If one looks at the Top Ten Reviews list, which lists actors according to box office and reviews, Power is listed as the #151st most popular actor. That list includes character people like C. Aubrey Smith and the stars of today such as Johnny Depp and Robert Pattinson, so it's all-inclusive. Errol Flynn is #176, Robert Taylor is #333. Just to give you a basis for comparison, Paul Newman is 120. Alan Ladd is 1,179. There are 38,421 actors listed.
Considering the prices of films in the old days, considering how long some of these guys have been dead, considering the fact that these numbers include everyone from Jack Carson to Leonardo DiCaprio, those are all great numbers. And considering, as I said, that Tyrone did not make a Casablanca, pretty darn good. Those actors were all once higher, and they'll continue to drop as more people come along.

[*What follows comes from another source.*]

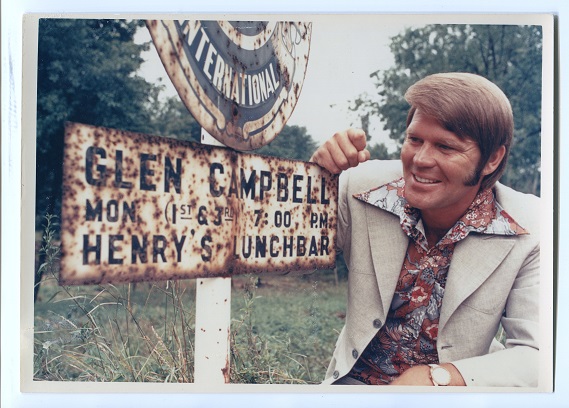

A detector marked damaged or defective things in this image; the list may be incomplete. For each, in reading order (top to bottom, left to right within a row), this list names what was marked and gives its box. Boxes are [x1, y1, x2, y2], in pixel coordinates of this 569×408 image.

rusty metal sign [145, 19, 310, 151]
rusty metal sign [60, 122, 338, 286]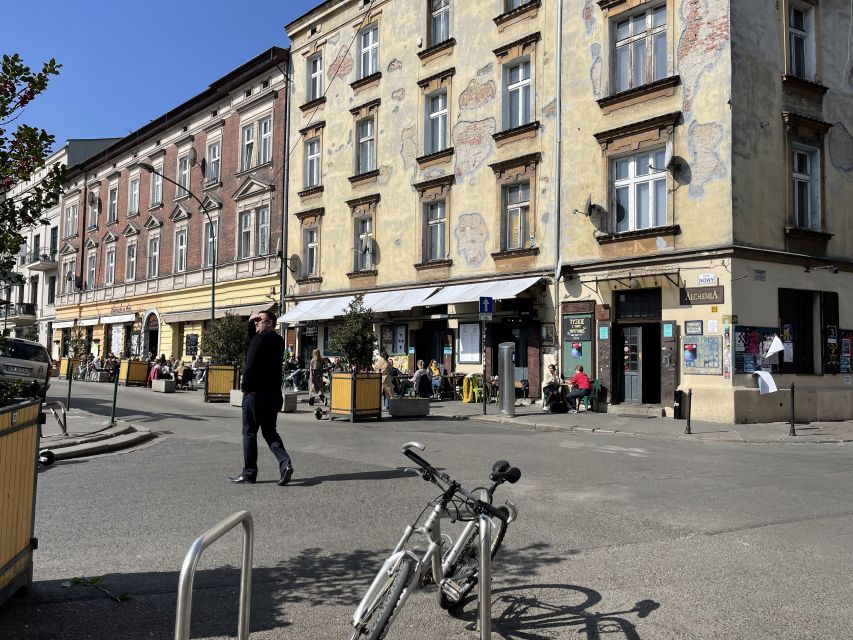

There are some fascinating statistics – The Eddy Duchin Story, for instance, is the #4 biography of 92 in the entire 1950s, and the #1 of 10 bios released in 1956. Here's another one – Tyrone is #28 in all-time Western stars! And that includes women like Jean Arthur and Western regulars like Jack Elam – 7,025 people mentioned.
I have to think, with the teenaged fans who show up for him on message boards, that he is well remembered. But the crowd who knows Beyoncé and Paris Hilton know Beyoncé and Paris Hilton – they don't know Clark Gable or Tyrone Power, and in order for them to know Judy Garland, you have to say The Wizard of Oz.
I conducted an experiment on Flixster, which is mostly young people. I put in some photos of the legendary stars into their never-ending quiz and asked people to identify them. It didn't matter who it was, 1 percent correctly identified Gary Cooper, Tyrone Power, Clark Gable, Robert Taylor, Errol Flynn, etc. 1 percent no matter who. And that's on a site dedicated to film in general where a small percentage of visitors is over 30. Obviously, on a classic-film site, the 1 percent would be for Robert Pattinson and the classic stars would get 100%!
My advice? Don't let Turner Classic Movies tell you your movie history.